U.S. companies needing to transfer personal data of European customers across the Atlantic can now sign up to a new framework to govern such data transfers, with the so-called EU-US Privacy Shield up and running from today.
The European Commission has also now published the legal texts associated with the Privacy Shield agreement, along with a citizens guide — which aims to provide information to EU consumers detailing how they can make complaints about the handling of their data by US companies should they feel the need to.
The new data-transfer deal was officially adopted by the EC last month, bringing to a close some nine months of limbo in the wake of the region’s Court of Justice decision to topple the predecessor framework last year (while failing entirely to end the uncertainty that the demise of Safe Harbor has wrought — given that critics continue to question Privacy Shield’s robustness to future legal challenge).

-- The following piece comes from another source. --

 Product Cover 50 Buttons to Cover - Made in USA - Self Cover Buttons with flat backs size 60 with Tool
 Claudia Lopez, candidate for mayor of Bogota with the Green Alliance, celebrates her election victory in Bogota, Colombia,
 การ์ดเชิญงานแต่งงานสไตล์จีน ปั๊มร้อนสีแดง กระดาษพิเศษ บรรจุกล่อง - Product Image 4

The EC has claimed the new deal is fundamentally different versus the prior self-certification Safe Harbor framework, flagging up the new role it creates of a dedicated US ombudsman to handle EU citizens’ complaints, as well as pointing to various assurances provided by the US government on the limits of bulk collection of data for national security purposes.
Companies signing up to the Shield also face new obligations, such as deleting personal data when it is no longer necessary. And there’s an annual joint review process built in to the framework so that it will be continually reviewed and any problems tackled.
However, the influential Working Party 29 body — which is made up of the heads of the various Member States’ data protection agencies — remains critical of the Privacy Shield, despite what it sees as some improvements over Safe Harbor.
In a statement put out late last month the WP29 said it remains concerned about various commercial aspects of the framework, flagging up the lack of specific rules on automated decisions and of a general right to object as problems. It also criticized a lack of clarity about how Privacy Shield Principles apply to processors.
The body also expressed ongoing concern about access by public authorities to data transferred to the U.S. under the Privacy Shield.
“[T]he WP29 would have expected stricter guarantees concerning the independence and the powers of the Ombudsperson mechanism,” it wrote. “Regarding bulk collection of personal data, the WP29 notes the commitment of the ODNI not to conduct mass and indiscriminate collection of personal data. Nevertheless, it regrets the lack of concrete assurances that such practice does not take place.”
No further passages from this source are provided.